The handler/trainer not only had what it took to keep the dog "functional" they where a excellent team. Who said the dog was not solid? the 3 handlers before where not a good match for the dog, maybe they where not solid? maybe the issue never was the dog? but I agree 100% no one working a K9 police job should have to think twice about their partner!


----------



## will fernandez (May 17, 2006)

Lisa Radcliffe said:


> Your post made me think of a story a police handler/trainer told me several months ago. He bought a 14 month old Mal, before him the dog had already had 3 handlers which all got bitten by him ( the last one rather seriously ) after having a "special s
> tart" he became his best service dog! his dog was one of the lucky ones but then so was he  so for some there are other ways to "tighten that loose screw"


The dog was 14 months old....that had three handler's already. I have a tough time with this story....


----------



## David Ruby (Jul 21, 2009)

Steve Burger said:


> I think you can try to outsmart the dog but in reality you have to deal with it. Avoiding the situation is just putting off the inevitable. The dog has to understand it is just not an option. All I can say is you need knowledgeable back up when you deal with it. Until it is secure don't work the dog alone.


As a non-authority in these, I generally agree with you. However...



Nicole Stark said:


> You are right it doesn't solve the problem by working around it but my dog was a pet. I needed him to work in a very basic way and the method I chose never created any other escalation of such behaviors ever again.
> 
> * As much as I'd like to think I could have over powered him on my own, I couldn't - had I tried there is a good chance that I would have permanently lost that battle. That and I didn't have the resources or experience to know how to safely deal with it any other way.*


I think sometimes things in life happen and you do the best you can. Ideally you deal with it, however if you do not know how to, do not have the resources or experience, and there is nobody around to help (or you cannot find/afford somebody) I can see why you might just outsmart the dog and not put yourself into that position. Depending what might trigger the dog, it may never be an issue. Plus, it's not hard to find tragic stories where people ended up dead or mauled from some of these bigger/stronger dogs.

I do not really think about it much since I've never had to deal with this. However when these threads come along, it seems like some are able to deal with these dogs kinds of dogs (the ones that do not have a screw loose at least and that can be taught not to do that). While frankly I would not deal with that, especially if it were some regular occurrence, I find it interesting in a way to see how others to and to know their general strategies for dealing with (or preventing) something like a dog really challenging or coming back at them.

-Cheers


----------



## georgia estes (Nov 3, 2009)

I had a dog like this and after nearly being put in the hospital twice I got rid of him. Here is one scenario you can analyze all you want. I was in my house with the dog, he was on the floor with a toy. I was picking up stuff around the house, minding my own business, he was eating the toy. I walked by, mind you about 7-8 feet away, he growled at me, lunged, grabbed my arm and would NOT let go. He bit me to the bone and my husband had to choke him UNTIL HE PASSED OUT and pissed himself for him to let go of me. That's how bad his aggression was. That's just one of the times he got me.


----------



## David Ruby (Jul 21, 2009)

georgia estes said:


> I had a dog like this and after nearly being put in the hospital twice I got rid of him. Here is one scenario you can analyze all you want. I was in my house with the dog, he was on the floor with a toy. I was picking up stuff around the house, minding my own business, he was eating the toy. I walked by, mind you about 7-8 feet away, he growled at me, lunged, grabbed my arm and would NOT let go. He bit me to the bone and my husband had to choke him UNTIL HE PASSED OUT and pissed himself for him to let go of me. That's how bad his aggression was. That's just one of the times he got me.

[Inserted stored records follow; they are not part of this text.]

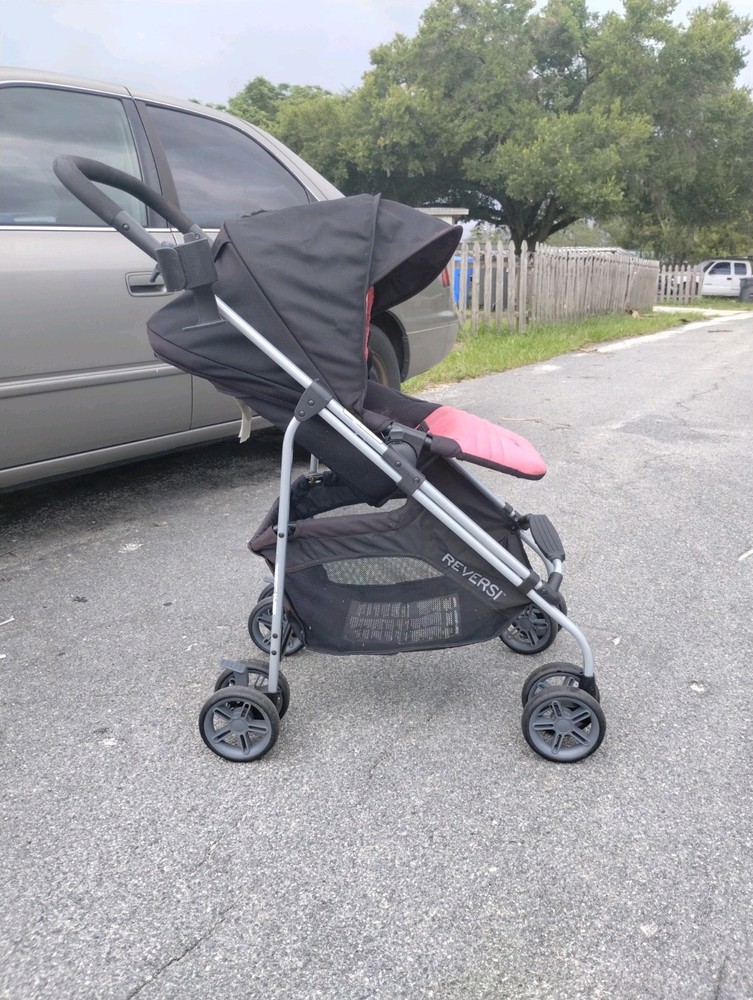 Evenflo.Reversi Stroller Replacement Part. Front Foot Rest
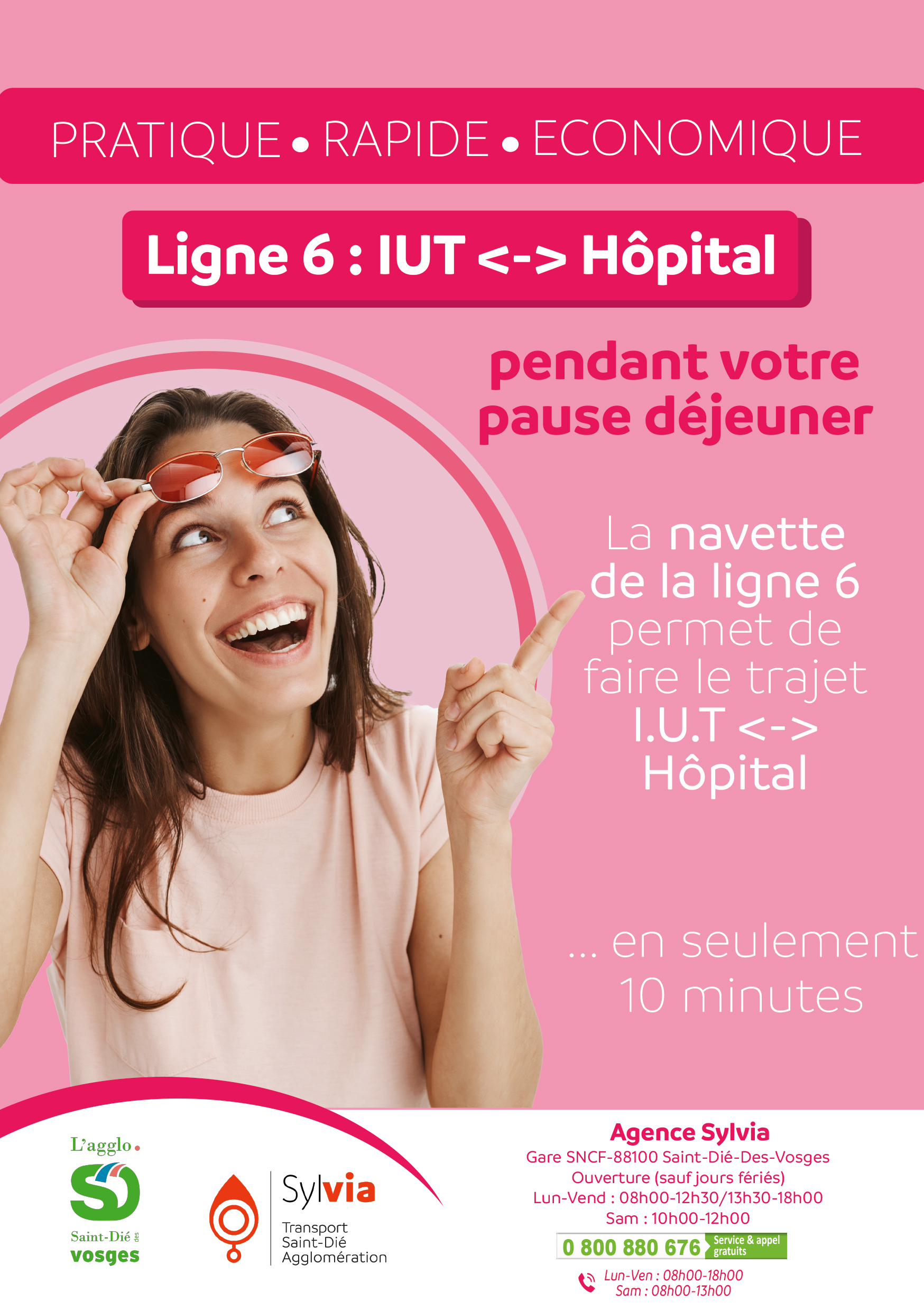 Réseau Sylvia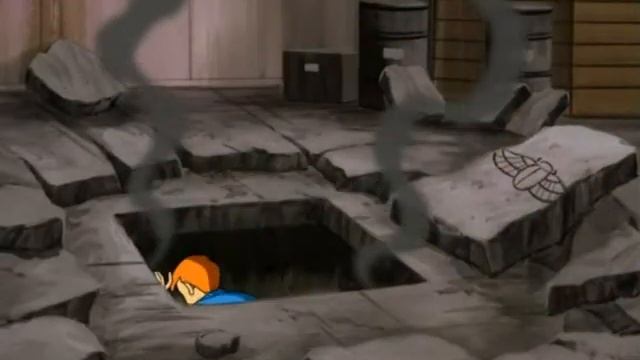 The Mummy The Animated Series Season 1 Episode 12 The Puzzle смотреть онлайн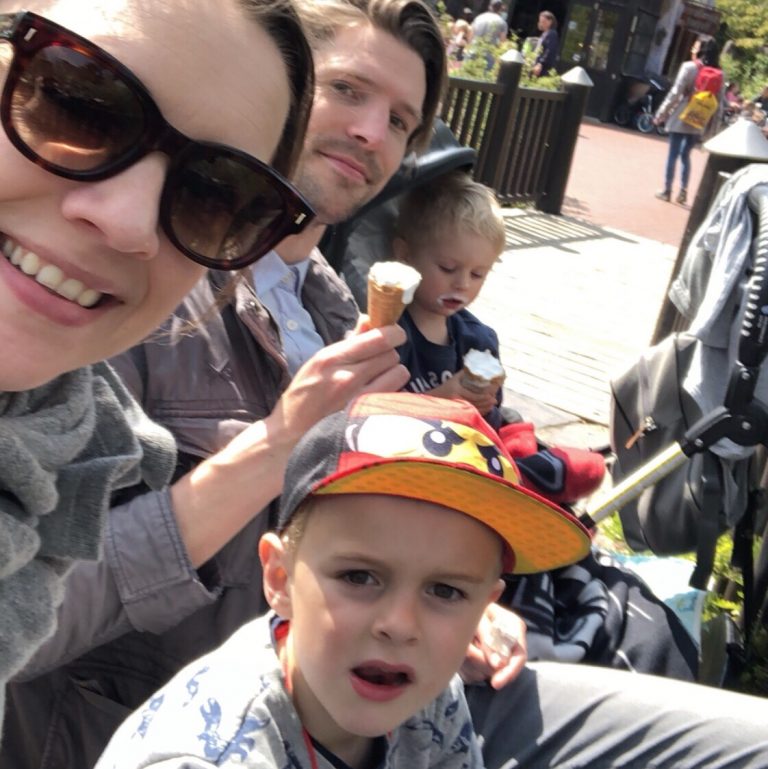 Legoland.
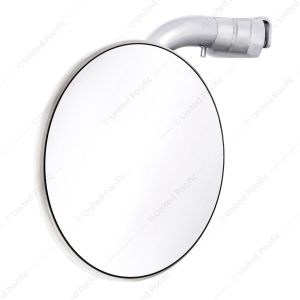 4" Curved Arm Peep Mirror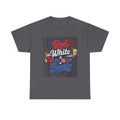 Red White & Boozy T-Shirt – Patriotic 4th of July Party Tee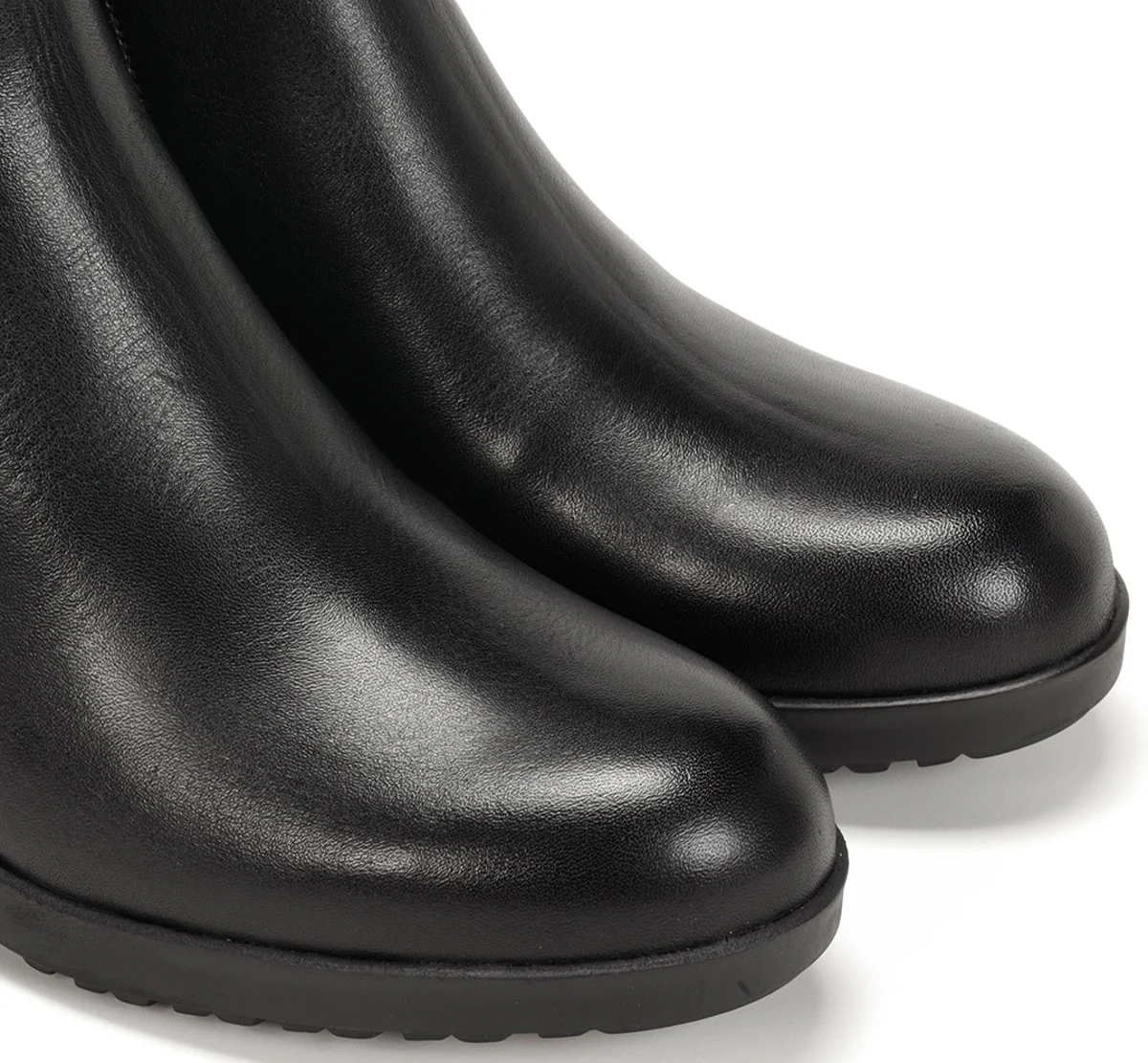 ALISS F1367 Schwarze Stiefeletten - Image 6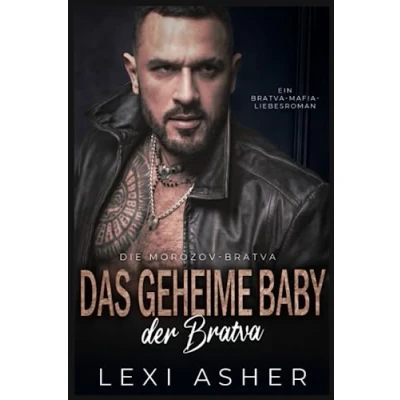 Abbildung von Das geheime Baby der Bratva: Ein Bratva Mafia Liebesroman (Die Levov Bratva, Band 2)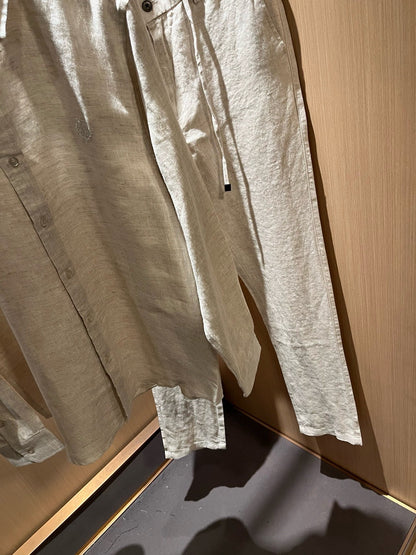 아밍 / 로로피아나 26SS 봄여름 남성 세트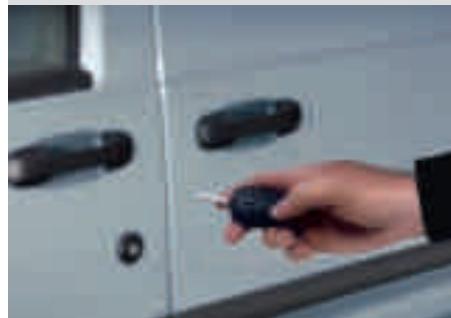 FORD TRANSIT CONNECT 2011 - Equipements intérieurs - 3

That's one of those situations I think is much more fun tho analyze behind a computer than it is to actually deal with. Maybe somebody can deal with that no problem and turn him into a really nice dog. Probably not me.

I'd be curious what ultimately happens/happened with him or what the general consensus is on how to curb that in this instance. I certainly do not have the answers. That is not a dog I think most could handle, much less enjoy dealing with. However I would be interested in hearing how somebody would successfully do this either where he is now or starting from scratch, .357 SIG or otherwise. 

-Cheers


----------



## Terrasita Cuffie (Jun 8, 2008)

georgia estes said:


> I had a dog like this and after nearly being put in the hospital twice I got rid of him. Here is one scenario you can analyze all you want. I was in my house with the dog, he was on the floor with a toy. I was picking up stuff around the house, minding my own business, he was eating the toy. I walked by, mind you about 7-8 feet away, he growled at me, lunged, grabbed my arm and would NOT let go. He bit me to the bone and my husband had to choke him UNTIL HE PASSED OUT and pissed himself for him to let go of me. That's how bad his aggression was. That's just one of the times he got me.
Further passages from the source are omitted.